Il capogruppo ricorda che è stata l’amministrazione a rifiutare l’eredità «Adesso il sindaco deve trovare una soluzione»
BONDENO. Continua il confronto tra maggioranza e opposizione consiliare sulla situazione di degrado di Casa Borgatti. A rilanciare il discorso, che era stato acceso in consiglio a fine giugno, è Federico Casari, capogruppo del Pd, che mercoledì ha presentato oggi in Comune una mozione chiedendo che il consiglio comunale si esprima perché il sindaco Simone Saletti, «proceda con un’ordinanza formale rivolta ai proprietari di Casa Borgatti perché sistemino l’immobile e, in caso si rifiutino, di procedere (come prescrive la legge) “in danno”, cioè facendo i lavori, il cui costo i proprietari saranno obbligati (lo dice il Codice Penale) a rifondere al Comune».
Il 23 giugno scorso, con voto del consiglio comunale, il Comune di Bondeno ha infatti rinunciato al lascito degli edifici, che si trovano in via San Giovanni, a favore del Comune di Bondeno.
la vicenda
«Il Comune – ricorda Casari – ha rifiutato l’eredita, come c’era scritto nel documento, a causa delle “condizioni fatiscenti in cui si trovano gli edifici sopra descritti, già ampiamente visibili da una ricognizione esterna”, aggiungendo che “si troverebbe costretto a stanziare considerevoli somme anche solo per mettere in sicurezza gli edifici. È stato dunque il Comune stesso a dire che quegli edifici non solo sono fatiscenti, ma andrebbero messi in sicurezza. Non a caso, villa Borgatti si trova sulla pubblica via, nell’incrocio tra due delle strade più trafficate di Bondeno (via San Giovanni e via Borgatti), ha il tetto sfondato, e ad ogni temporale un po’ forte perde qualche pezzo».

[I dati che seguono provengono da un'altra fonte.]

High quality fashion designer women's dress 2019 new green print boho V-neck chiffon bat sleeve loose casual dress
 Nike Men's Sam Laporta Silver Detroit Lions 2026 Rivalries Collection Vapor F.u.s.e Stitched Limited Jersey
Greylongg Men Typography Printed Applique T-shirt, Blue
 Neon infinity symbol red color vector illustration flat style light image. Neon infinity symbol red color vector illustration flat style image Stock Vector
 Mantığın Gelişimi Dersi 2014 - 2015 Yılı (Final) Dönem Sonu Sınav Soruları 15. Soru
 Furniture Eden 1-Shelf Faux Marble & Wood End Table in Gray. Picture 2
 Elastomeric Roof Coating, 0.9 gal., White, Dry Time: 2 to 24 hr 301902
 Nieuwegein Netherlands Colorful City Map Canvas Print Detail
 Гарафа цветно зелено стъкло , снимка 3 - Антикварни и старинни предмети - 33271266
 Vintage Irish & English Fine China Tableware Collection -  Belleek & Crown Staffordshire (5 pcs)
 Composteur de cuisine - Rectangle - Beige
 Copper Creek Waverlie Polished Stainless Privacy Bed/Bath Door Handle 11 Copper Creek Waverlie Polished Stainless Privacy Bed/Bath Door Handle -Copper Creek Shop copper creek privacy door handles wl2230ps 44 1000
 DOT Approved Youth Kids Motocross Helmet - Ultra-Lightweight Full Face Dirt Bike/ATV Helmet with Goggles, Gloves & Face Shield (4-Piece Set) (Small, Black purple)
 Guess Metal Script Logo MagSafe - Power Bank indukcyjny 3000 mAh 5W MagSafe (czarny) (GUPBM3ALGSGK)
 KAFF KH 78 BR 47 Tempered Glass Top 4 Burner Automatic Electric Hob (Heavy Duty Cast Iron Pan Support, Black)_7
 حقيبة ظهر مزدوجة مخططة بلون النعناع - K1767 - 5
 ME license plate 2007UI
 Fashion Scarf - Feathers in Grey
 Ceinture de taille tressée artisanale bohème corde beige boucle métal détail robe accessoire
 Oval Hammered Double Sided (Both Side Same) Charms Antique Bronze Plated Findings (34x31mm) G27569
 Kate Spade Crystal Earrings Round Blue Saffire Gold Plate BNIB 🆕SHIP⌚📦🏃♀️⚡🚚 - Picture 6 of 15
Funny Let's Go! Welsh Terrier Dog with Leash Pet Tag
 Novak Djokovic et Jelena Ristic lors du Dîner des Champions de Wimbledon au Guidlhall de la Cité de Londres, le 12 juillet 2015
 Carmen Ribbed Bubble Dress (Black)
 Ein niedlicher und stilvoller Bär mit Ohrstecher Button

Ma per il capogruppo Pd non c’è solo questo infatti negli anni Casa Borgatti «si è trasformata in un rifugio di fortuna per persone sconosciute senza fissa dimora, che lì hanno trovano riparo e hanno occupato l’edificio, che non ha nessun servizio igienico, acqua o corrente elettrica. Alcuni ricorderanno poi che il 7 dicembre 2017 fu ritrovato, proprio dentro lo stesso edificio, il corpo senza vita di una donna senza fissa dimora, a quanto pare morta assiderata, che lì aveva trovato riparo».
la richiesta
Per questo Casari incalza l’amministrazione perché il Comune «si faccia valere, e obblighi i proprietari a fare una manutenzione che metta in sicurezza l’edificio irrimediabilmente danneggiato dal terremoto: sono ormai dieci anni che da quelle parti non succede niente, e credo che agli eredi spetti non di scaricare il rudere sulle spalle dei contribuenti, ma di sistemare come si deve le loro proprietà». E adesso il capogruppo del Pd Federico Casari aspetta delle risposte.